NY Times focuses on web growth
SETH SUTEL
Associated Press
March 11, 2008 at 2:48 PM EDT
NEW YORK — Expanding The New York Times Co.'s online operations is an “absolute priority,” the company's CEO told investors Tuesday as the Times faced pressure from investors.
Chief Executive Janet Robinson noted that the Times launched 50 blogs in the last year and has also enhanced topic-themed areas on its website in health, business and technology and inked one deal with CNBC to provide online video and another with Monster.com to create co-branded job search sites.
“In this era, no media company can afford to be an island,” Robinson said at a question-and-answer session during a conference sponsored by Bear Stearns and made available through a Webcast.

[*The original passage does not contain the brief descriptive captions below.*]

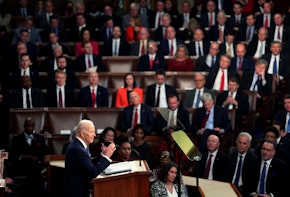 WASHINGTON, DC - FEBRUARY 07: U.S. President Joe Biden delivers his State of the Union address during a joint meeting of Congress in the House Chamber of the U.S. Capitol on February 07, 2023 in Washington, DC. The speech marks Biden's first address to the new Republican-controlled House. (Photo by Win McNamee/Getty Images)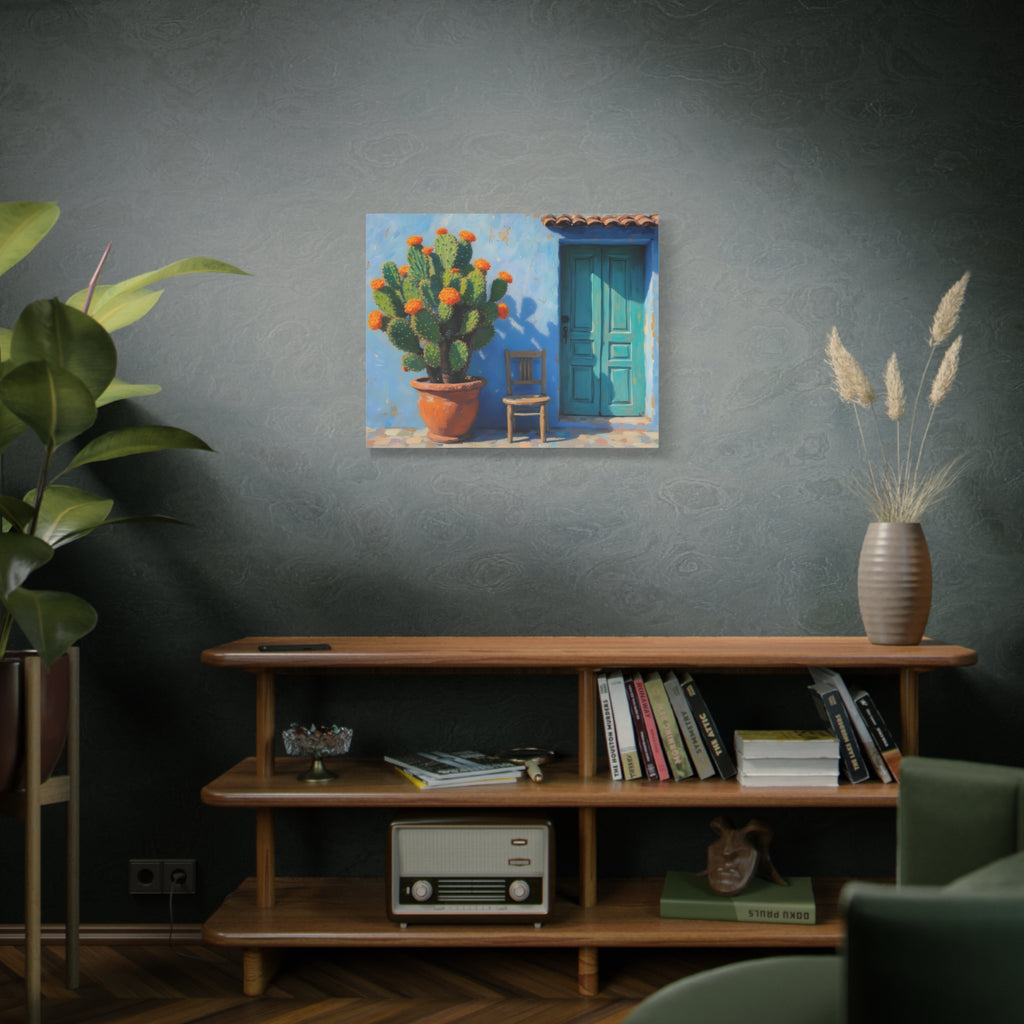 Southwestern Cactus Canvas Wall Art - Turquoise Door Painting (Matte Stretched)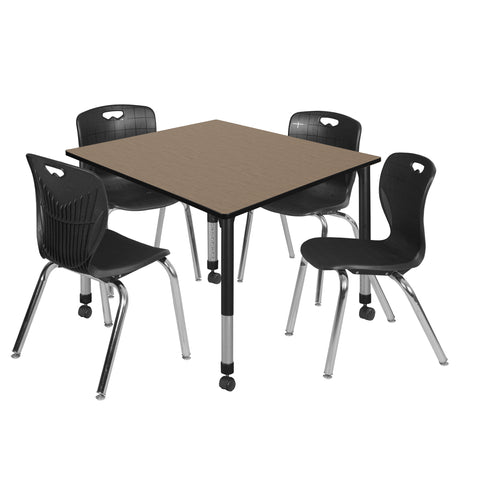 Regency Kee 30 in. Square Mobile Adjustable Classroom Table & 4 Andy 18 in. Stack Chairs Black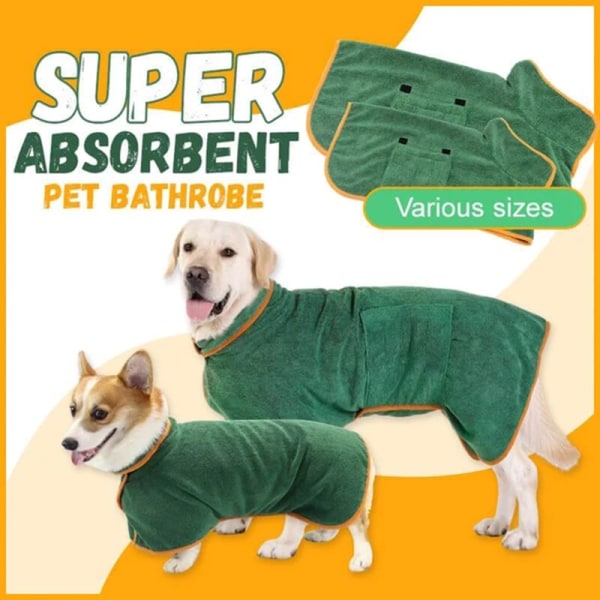 Hundbadrock Handduk Mjuk Superabsorberande badrock Torkande fuktpyjamas för hund Green L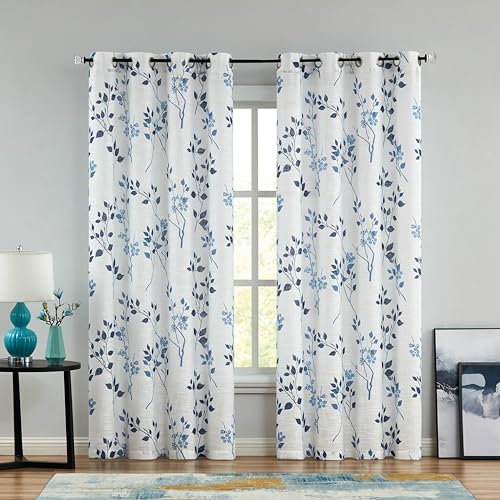 Beauoop Navy Blue Semi Sheer Floral Curtains for Living Room Bedroom 72 Inch Drop Linen Textured Farmhouse Curtains Leaf Printed Eyelet Rustic Drapes Window Treatment Set 2 Panels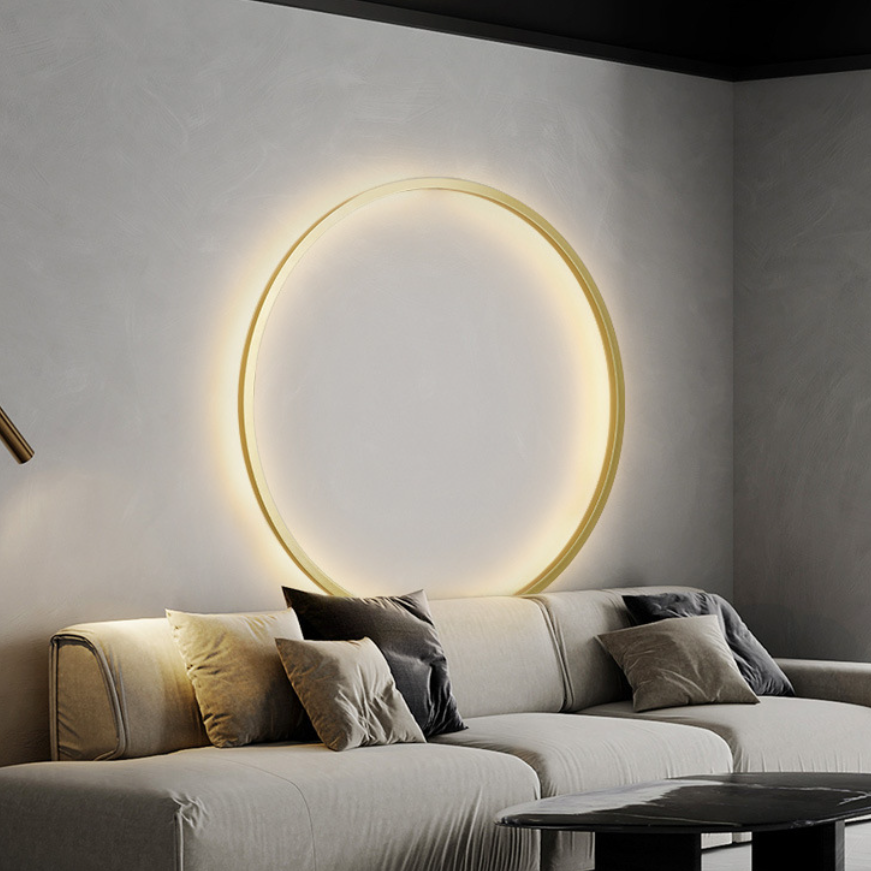 Aluminum Acrylic Circle Ring LED Wall Sconce Lamp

Robinson didn't refer explicitly to a challenge being mounted by Harbinger Capital Partners, an investment firm that has taken a 19 per cent stake in the company. But her remarks appeared aimed at assuring investors that the Times was moving aggressively.
Harbinger, working with a New York University marketing professor, is trying to get its own set of four directors elected to the Times board, saying the company should move more quickly to shed disparate assets and invest even more in the online operations of its flagship newspaper.
Times Chief Financial Officer James Follo, who also appeared at the conference Tuesday, said the company frequently evaluates how it is allocating its resources and would consider any asset sale that would be prudent for investors.
“We love all our assets but we're not married to any one of them,” Follo said. The New York Times newspaper was the sole asset he said was off the table.
To illustrate how strong the Times' brand has become online, Robinson noted that the newspaper's website saw a 60 per cent increase in Web traffic on Monday afternoon after it posted a story about New York Gov. Eliot Spitzer's involvement in a prostitution scandal.